If We May De-Presuppose: Robustly Verifying Claims through Presupposition-Free Question Decomposition
Shubhashis Roy Dipta, Francis Ferraro
2025-08-26
Summary
This paper investigates problems with how well large language models (LLMs) can reliably verify if a statement is true or false, specifically when answering questions generated by the models themselves.
What's the problem?
LLMs sometimes make hidden assumptions when forming questions, which can lead to incorrect conclusions when checking if a claim is valid. Also, these models are very sensitive to *how* you ask a question – even slight changes in wording can cause significantly different results, making their performance inconsistent and unreliable. While things have improved, this sensitivity still exists.
What's the solution?
The researchers developed a new system for verifying claims that breaks down complex questions into simpler, more direct parts, and ensures these simpler questions don't rely on unproven assumptions. This structured approach helps the LLM reason more clearly and consistently.
Why it matters?
This work is important because it addresses a key weakness in LLMs: their tendency to be unreliable and easily swayed by minor changes in input. By making claim verification more robust, we can build more trustworthy AI systems that provide more accurate and consistent information, improving performance by a few percentage points.
Abstract
Prior work has shown that presupposition in generated questions can introduce unverified assumptions, leading to inconsistencies in claim verification.

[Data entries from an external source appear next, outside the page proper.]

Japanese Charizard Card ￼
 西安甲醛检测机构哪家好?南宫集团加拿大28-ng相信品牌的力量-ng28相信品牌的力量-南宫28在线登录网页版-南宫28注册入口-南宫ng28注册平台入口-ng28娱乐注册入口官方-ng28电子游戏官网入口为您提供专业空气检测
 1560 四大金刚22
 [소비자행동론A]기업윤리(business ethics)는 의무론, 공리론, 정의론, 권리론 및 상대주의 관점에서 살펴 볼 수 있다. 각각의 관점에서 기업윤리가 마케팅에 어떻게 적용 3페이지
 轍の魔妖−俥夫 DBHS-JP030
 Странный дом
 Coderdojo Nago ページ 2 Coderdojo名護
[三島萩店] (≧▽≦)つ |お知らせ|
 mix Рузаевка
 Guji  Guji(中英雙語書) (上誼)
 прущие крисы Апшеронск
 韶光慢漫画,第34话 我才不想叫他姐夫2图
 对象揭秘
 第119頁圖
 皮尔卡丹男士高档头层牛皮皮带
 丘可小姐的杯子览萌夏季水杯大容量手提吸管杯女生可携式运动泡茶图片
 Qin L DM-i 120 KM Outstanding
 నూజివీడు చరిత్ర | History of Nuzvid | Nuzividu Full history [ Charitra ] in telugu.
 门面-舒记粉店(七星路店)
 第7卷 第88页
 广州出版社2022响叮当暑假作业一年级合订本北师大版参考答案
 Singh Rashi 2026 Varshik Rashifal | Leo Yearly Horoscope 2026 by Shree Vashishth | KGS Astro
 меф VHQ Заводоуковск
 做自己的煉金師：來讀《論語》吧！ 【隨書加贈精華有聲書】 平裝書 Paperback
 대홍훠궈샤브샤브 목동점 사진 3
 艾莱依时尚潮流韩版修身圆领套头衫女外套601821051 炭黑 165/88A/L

Additionally, prompt sensitivity remains a significant challenge for large language models (LLMs), resulting in performance variance as high as 3-6%. While recent advancements have reduced this gap, our study demonstrates that prompt sensitivity remains a persistent issue. To address this, we propose a structured and robust claim verification framework that reasons through presupposition-free, decomposed questions. Extensive experiments across multiple prompts, datasets, and LLMs reveal that even state-of-the-art models remain susceptible to prompt variance and presupposition. Our method consistently mitigates these issues, achieving up to a 2-5% improvement.